How to be a sensible sale shopper

By Andrea Petrou on January 4th, 2010 0 comments yet. Be the First

shop.jpg
Lauren Bravo writes:
I tried to go sales shopping yesterday. It didn’t go very well. Because what I’d forgotten, indeed what I forget every year, is that sales shopping doesn’t agree with me (not does dairy, but that hasn’t stopped me from polishing off a whole wedge of stilton). Sales turn me into a crazed, handbag-swinging monster, blinded by sequins and prone to hallucinations in which I am a size six and look alluring in metallic jumper dresses. Every sale-shopping expedition I’ve been on in the last few years has featured me elbowing a pensioner, crying in a changing room, buying a sensible pair of pyjama bottoms and vowing never to do it again.
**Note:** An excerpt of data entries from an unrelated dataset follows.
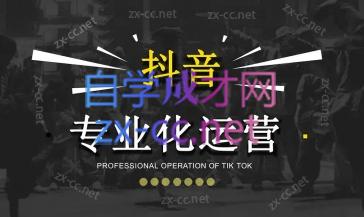 2024焦点抖音运营| 副业网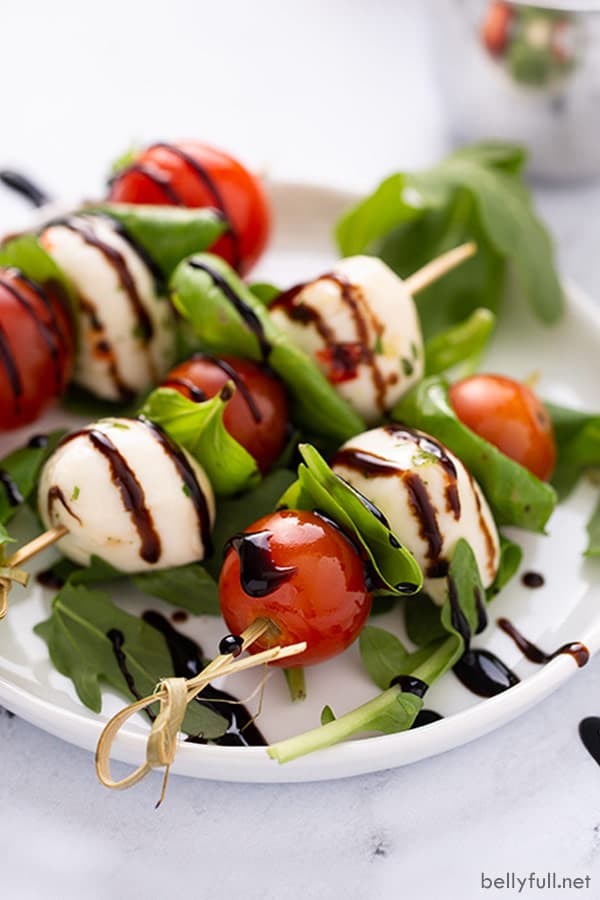Mini Caprese skewers
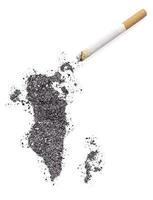 cenere a forma di bahrain e sigaretta. (serie)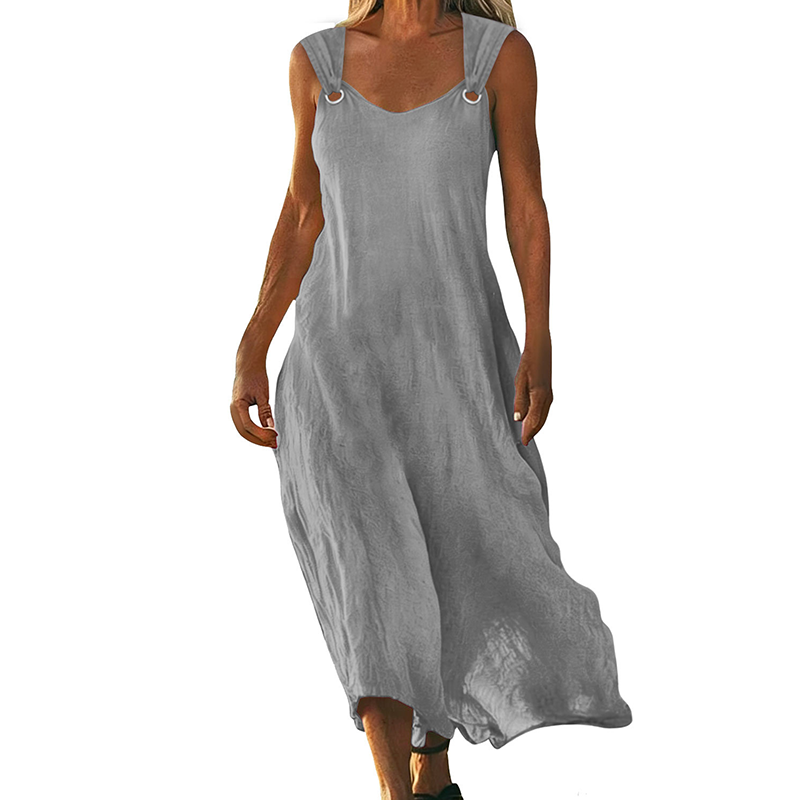 Yvonne - Elegant Sleeveless V-Neck Dress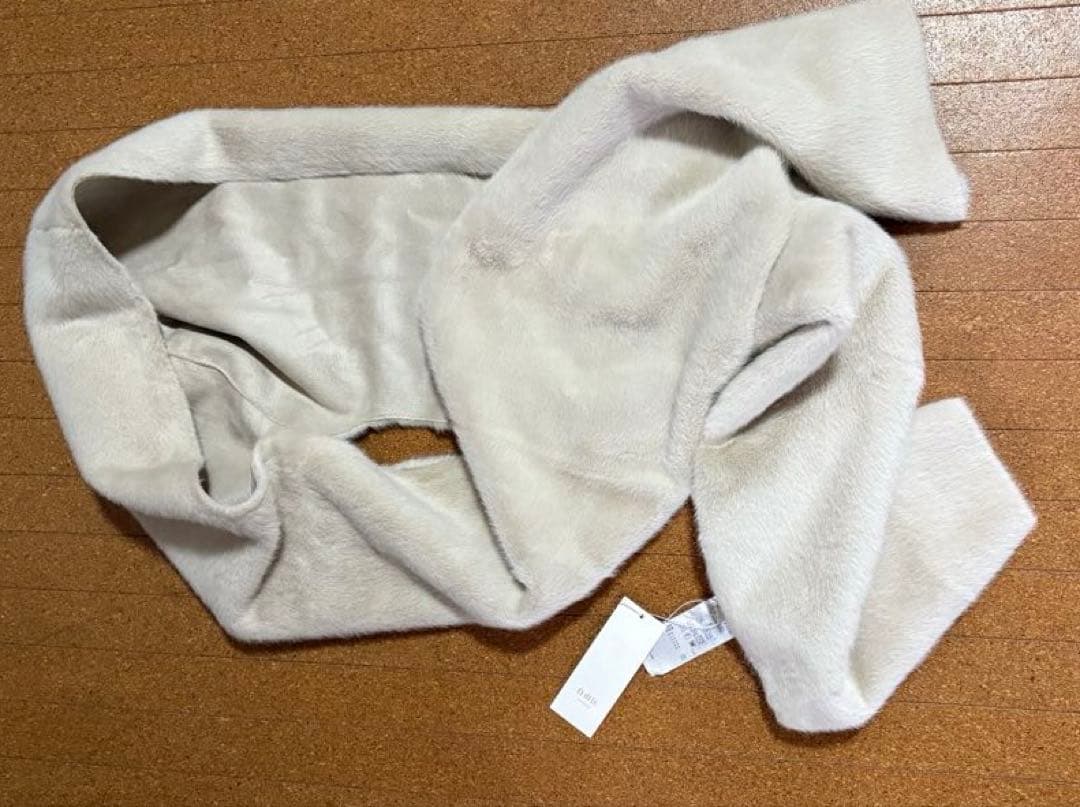 自由区 エコミンクフード付き ストール ¥23,980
But sadly, like the stilton, it’s a resolution easily made and easily crumbled.

With up to 12 million bargain-hunters hitting the shops this Boxing Day, a 20 per cent rise on 2008 sales, it seems I’m not the only one who is easily seduced by the big red signs. It only takes a whisper of the magic R-word, recession, to have us stocking up on cut-price goodies like they’re going out of fashion (which of course, they are).

But despite the figures, Boxing Day reductions don’t pack quite the punch they once did, because we are now living in the era of the perpetual sale. It’s a rare shop on the high street that doesn’t have a sad little clutch of half-price pants and linen blouses in a corner somewhere, all of the time. Nowadays I walk into shops expecting a sale and get genuinely narked if I don’t find one. We have January sales, spring sales, pre-summer sales, summer sales, back to school sales, pre-Christmas sales and pre-sale sales. My friend Liz derides the buying of any non-sale item as being “against her religion”.

I’ve come to believe that the sale/non-sale debate is not about how much money you have, but rather your attitude to spending it. The old dilemma: would you rather have one really, really nice thing for lots of money, or loads of tacky or faddy or frilly or falling apart or doesn’t-quite-fit things for the same amount? Common sense and fashion editors would have us believe it’s the former – to forgo the sales and instead spend all you can on one standout piece, like a fantastic leather jacket or the perfect pair of jeans, is a smart move. You’re making an investment you will never regret. But how many times have we bought the super-luxe coat and left it in the wardrobe to stroke fondly once a week, while we carry on wearing the tatty jacket that cost us £15 in an H&M sale many moons ago?

There are two main approaches to sale shopping. There’s the sensible one (or ‘the Mum Method’), in which you keep an eye on everything you like in the weeks leading up to Christmas, don’t buy any of them, then pray that you’ll magically find them half price in the sale. This approach saves you money, but there are some considerable downsides: 1) it is boring. 2) You probably won’t find them half price in the sale, or at least not in your size, and 3) while you’re waiting for them to be reduced, you will miss at least four social occasions when you would have worn them; as soon as you do buy them, you will suddenly never have cause to wear them ever again.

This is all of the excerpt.